Why do car companies design cars with parts that are so hard to access (e.g. bolts, etc.)?
Back in the golden era of automobiles, cars were sold with the assumption that most people would be doing their own repairs, and designed with a (mostly) logical layout in the engine compartment so everything was easy to reach, adjust, remove, and replace.
Today, service is a profit center - for franchise dealerships, the big money isn't in sales, it’s in service. The layout of the engine compartment is designed using CAD software to maximize space, require special tools, more computer-controlled functionality instead of mechanical, and generally make access to components more challenging - which encourages (and sometimes forces) more people to go to the dealer for service and buy parts directly from the manufacturer.

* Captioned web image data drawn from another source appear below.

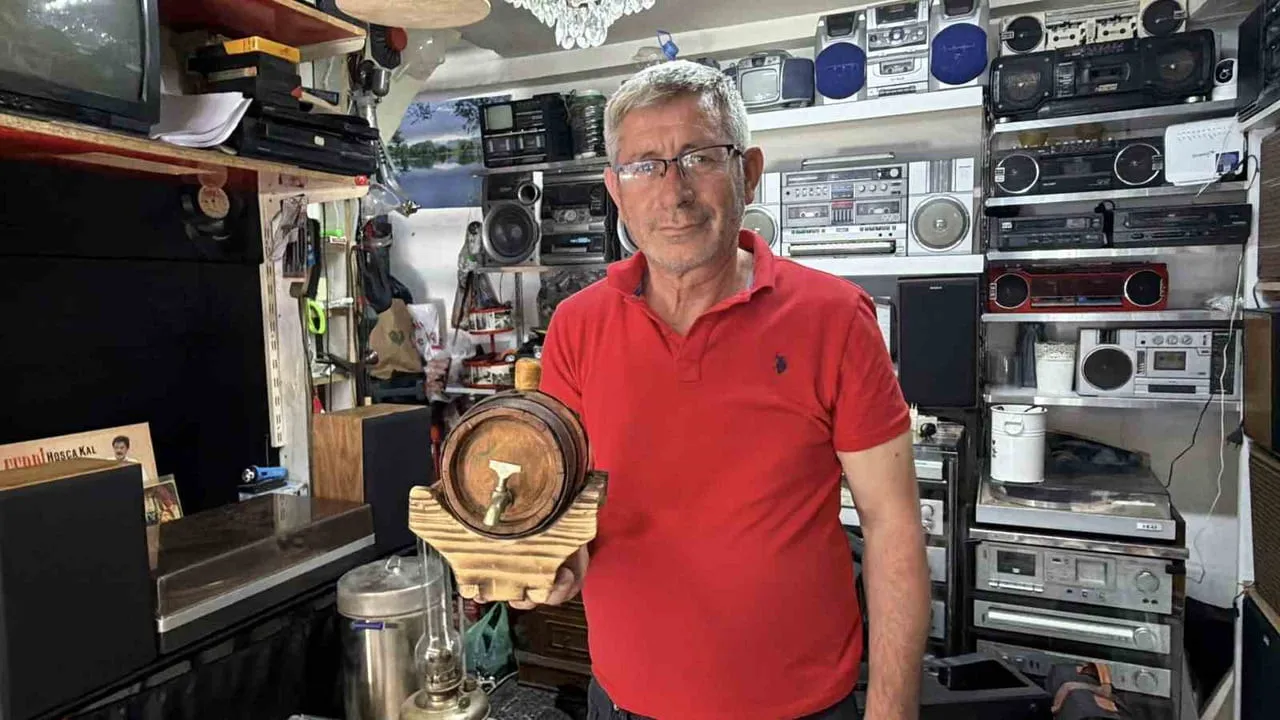 MURAT RENKLİKOL, HOBİSİNİ NOSTALJİ DÜKKANINA DÖNÜŞTÜRDÜ.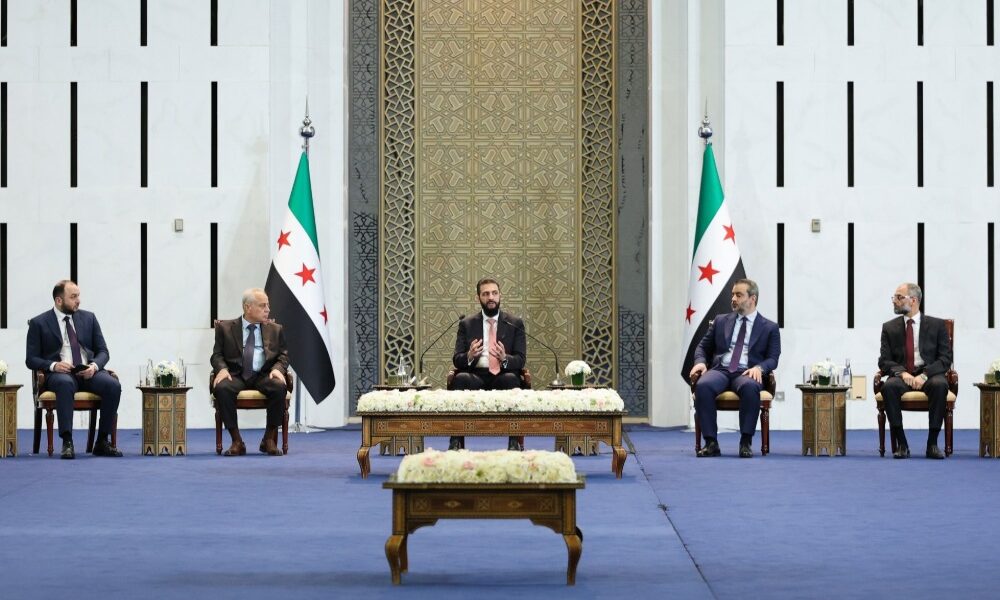 الرئيس الشرع يناقش مع البرلمان موضوعات القضايا العامة والإدارة الحكومية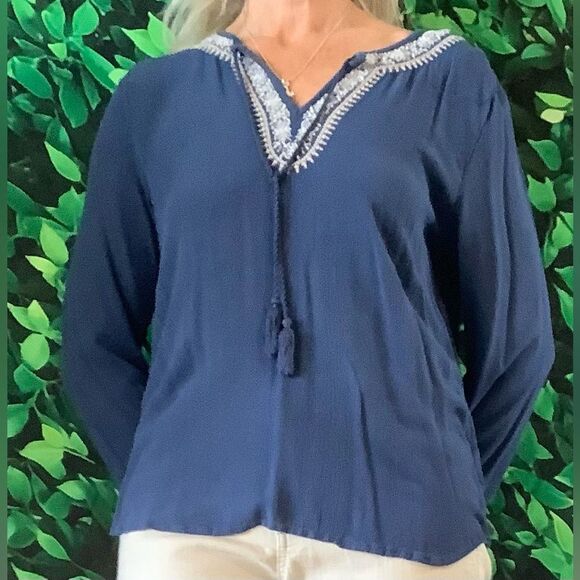 💙 GAP Medium Blue Peasant Blouse – Embroidered V-Neck, Tassel Tie, Size Medium - Picture 2 of 8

On many vehicles, even just replacing a factory part with an aftermarket one leads to problems. A couple years ago I was seeing an O2 sensor code in a new Jeep, so I changed it out with a brand new Bosch sensor - keep in mind that Bosch practically invented the O2 sensor, and set the standard everyone else follows. Their quality is top notch. Yet, within a day after the swap, I started seeing other error codes that had nothing to do with the sensor. Thinking maybe I had a bad one, or it was for the wrong vehicle, I replaced it again and still had weird unrelated error codes. So I have a friend pull his factory sensor, tried it in mine, and immediately the random error codes stopped. The vehicle needed a factory part to work properly. Of course, the sensor from the manufacturer was $85 vs $22 for the Bosch.
I’ve seen this happen before with other vehicles and parts too … try changing the battery out in a C6 Corvette (2005 or newer) with anything but a Delco battery, and you’ll get charging system warnings on the screen, even when the specs are identical.
And if you have a BMW or Mercedes, anyone will tell you that if you ignore the service interval light, guess what, something will need to be serviced shortly thereafter.
Follow the money trail. If something doesn't make sense to you, it probably makes perfect sense to them. It keeps their hands in your pockets.